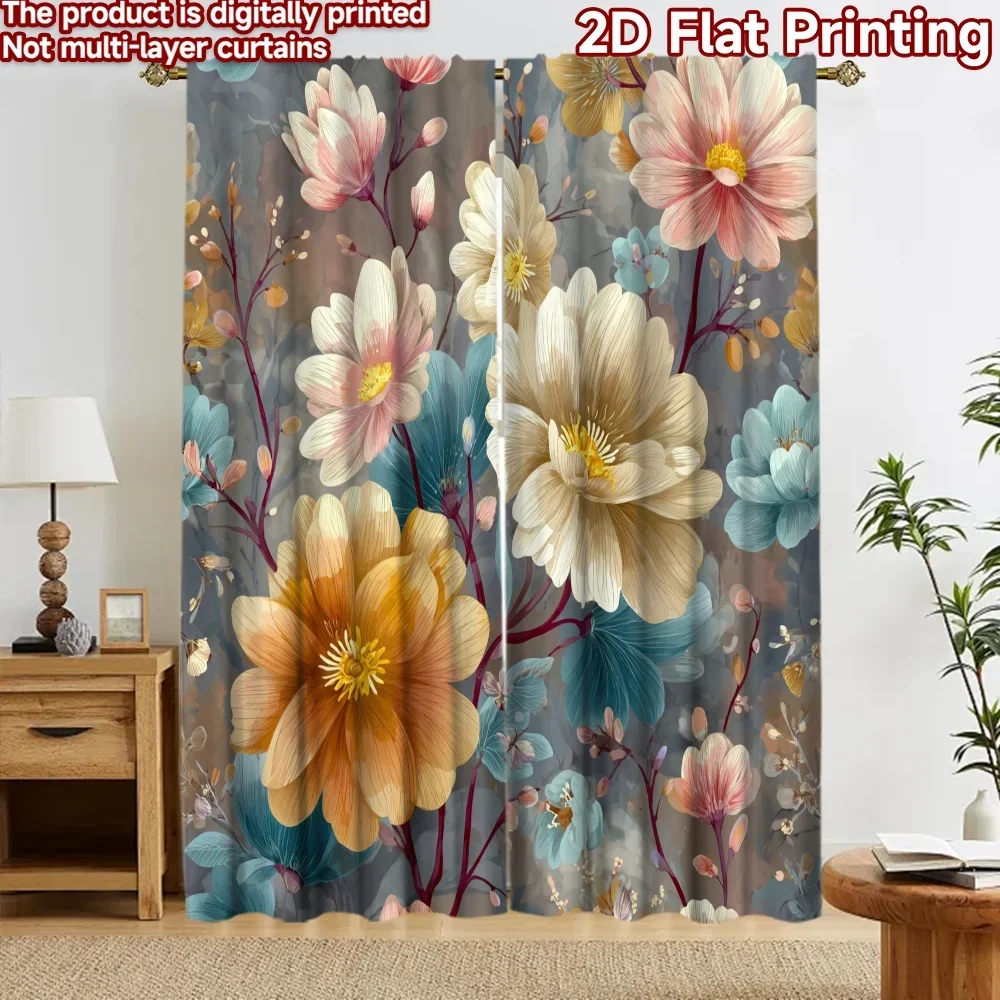 Elegant Floral Botanical Curtains Pair 2pcs Watercolor Peony Design Window Drapes for Living Room Bedroom Home Decor Decoration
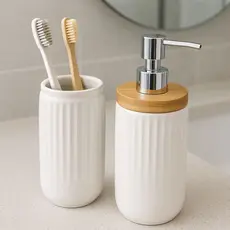 Kit Acessórios De Banheiro Lavabo 2 Peças Cerâmica Porta Escova e Porta Sabonete Líquido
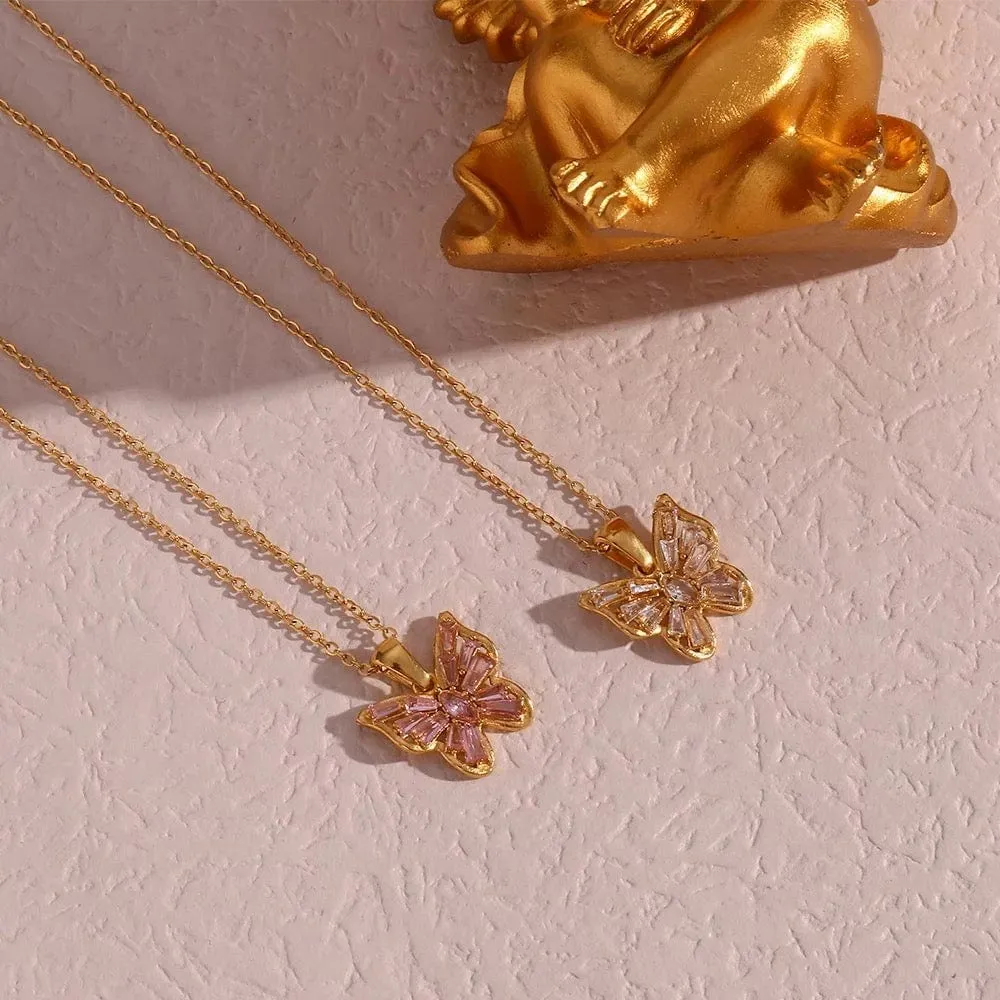 Pink & White Butterfly Necklaces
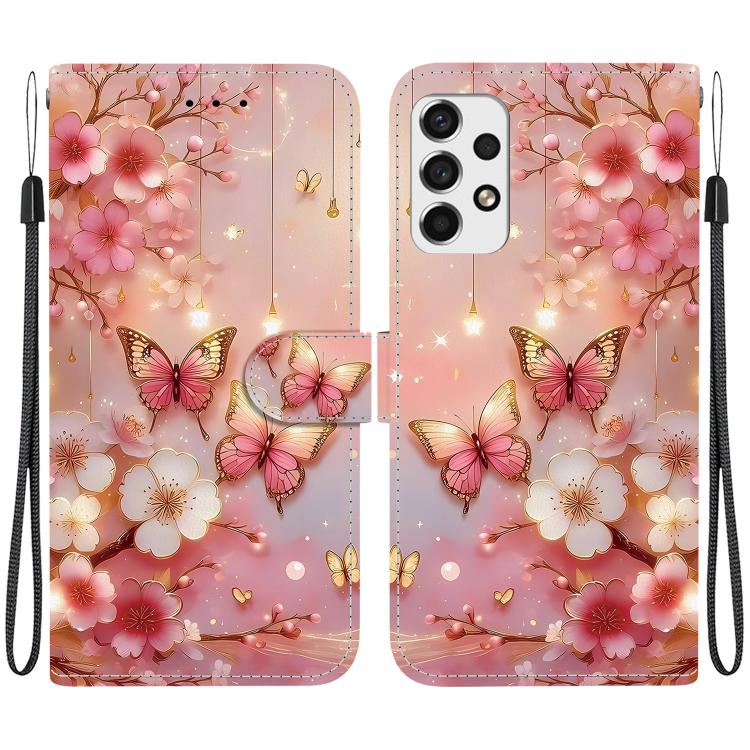 Custodia per telefono in pelle con texture cristallina e disegno colorato, For Galaxy A13 4G / 5G / A04, For Galaxy A53 5G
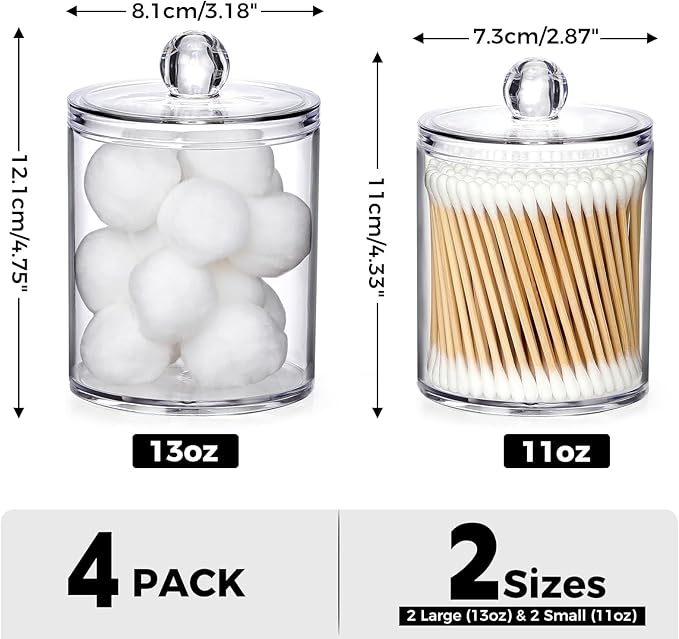 4 Pack Acrylic Qtip Holder Dispenser for Cotton Swabs, Balls, Pads, Floss Picks- Small Clear Acrylic Canister Apothecary Jar Set, Bathroom Essentials Accessories Decor, Vanity Makeup Storage Organizer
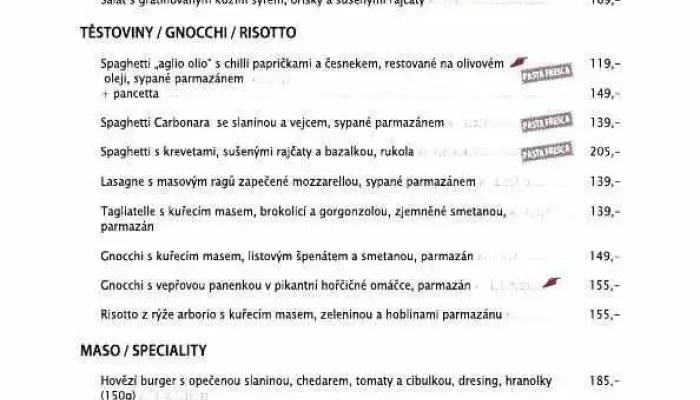 Bila Labut Menu - Jiráskova 415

WHAT IS NEEDED. Please give every line above again word for word, apart from the pictures.

EXERCISE RESULT.
 Elegant Floral Botanical Curtains Pair 2pcs Watercolor Peony Design Window Drapes for Living Room Bedroom Home Decor Decoration
 Kit Acessórios De Banheiro Lavabo 2 Peças Cerâmica Porta Escova e Porta Sabonete Líquido
 Pink & White Butterfly Necklaces
 Custodia per telefono in pelle con texture cristallina e disegno colorato, For Galaxy A13 4G / 5G / A04, For Galaxy A53 5G
 4 Pack Acrylic Qtip Holder Dispenser for Cotton Swabs, Balls, Pads, Floss Picks- Small Clear Acrylic Canister Apothecary Jar Set, Bathroom Essentials Accessories Decor, Vanity Makeup Storage Organizer
 Bila Labut Menu - Jiráskova 415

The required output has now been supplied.